Le disque fait de même : il contient une musique qui coule comme le sable entre les doigts. Une musique dense aussi. Qui répète inlassablement les mêmes motifs tout en les faisant continuellement muter. Se déplaçant strictement sur la frontière ténue qui sépare le mouvement de l’absence de mouvement. Évidemment, ça tombe bien puisque le groupe s’appelle SPELTERINI et emprunte son patronyme à une funambule – Maria Spelterini – qui fut notamment la première (et la seule) femme à avoir traverser les gorges du Niagara sur une corde raide (en 1876).

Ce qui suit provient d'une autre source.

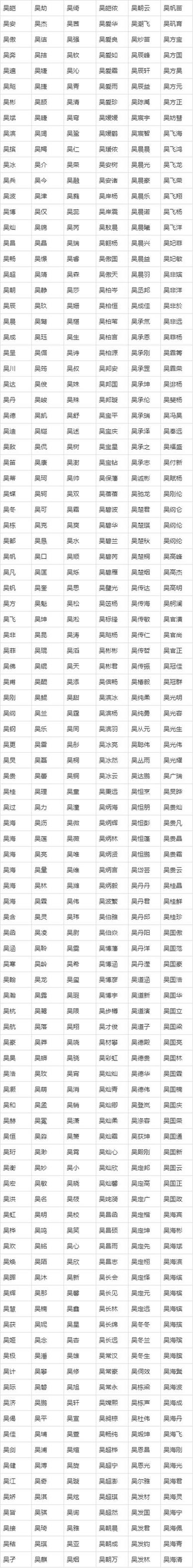 2023年起名字大全免费_2023年起名字大全免费取名男孩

Ça lui va bien à ce groupe. En équilibre au-dessus des trombes. Un fil droit et tendu cerné par les embruns et les grosses masses d’air qui remontent. L’eau se fracasse, transmet son entropie et ça bouge, et c’est casse-gueule, et c’est périlleux. Mais on avance tout de même.

Deux morceaux d’un quart d’heure chacun qui donnent leur titre à l’album : Pergélisol / Chorémanie. Le premier est aussi pelé que le permafrost (dont il porte le nom), le second, tout aussi hystérisé que la danse de Saint-Guy (dont il porte le nom) mais à vrai dire, les deux morceaux fondent tellement l’un dans l’autre qu’il est inutile de vouloir à tout prix les différencier. Et puis chacun montre cette faculté à abandonner sa structure inopinément pour tout simplement passer à autre chose. Ça multiplie les azimuts, ça échantillonne à tout-va et la dislocation est permanente. C’est très félin aussi. C’est-à-dire que l’on retrouve bien là-dedans la patte de chacun des SPELTERINI : deux (feu) Chausse Trappe aux guitares (Nico Joubo et Meriadeg Orgebin qui manipule aussi un synthétiseur), deux Papier Tigre à la rythmique (Pierre-Antoine Parois à la batterie, Arthur de La Grandière à la basse et, lui aussi, au synthétiseur). Alors, bien sûr, difficile de ne pas avancer que SPELTERINI sonne exactement comme la rencontre des deux, que l’exploration y est de mise et que l’on retrouve là-dedans quelques éléments prototypiques de l’un et l’autre. Pour autant, il ne s’agit pas d’un ersatz : c’est bien un vrai groupe que l’on entend, tout aussi pertinent que les deux qui l’alimentent.
Les deux guitares virevoltent, le parterre est haché, implacable et élastique et l’ensemble donne le tournis tout en restent bien campé dans une forme de répétition insidieuse et retorse dont on a bien du mal à circonscrire les motifs. Ce qui est très prenant, c’est cette façon d’être tout à la fois rigide et métamorphe, aéré et plombé, ouvert aux accidents et extrêmement carré et finalement, d’être dans cet entre-deux qui efface toute forme de repère. Pergélisol / Chorémanie est réellement, à tout moment, un disque sur le fil.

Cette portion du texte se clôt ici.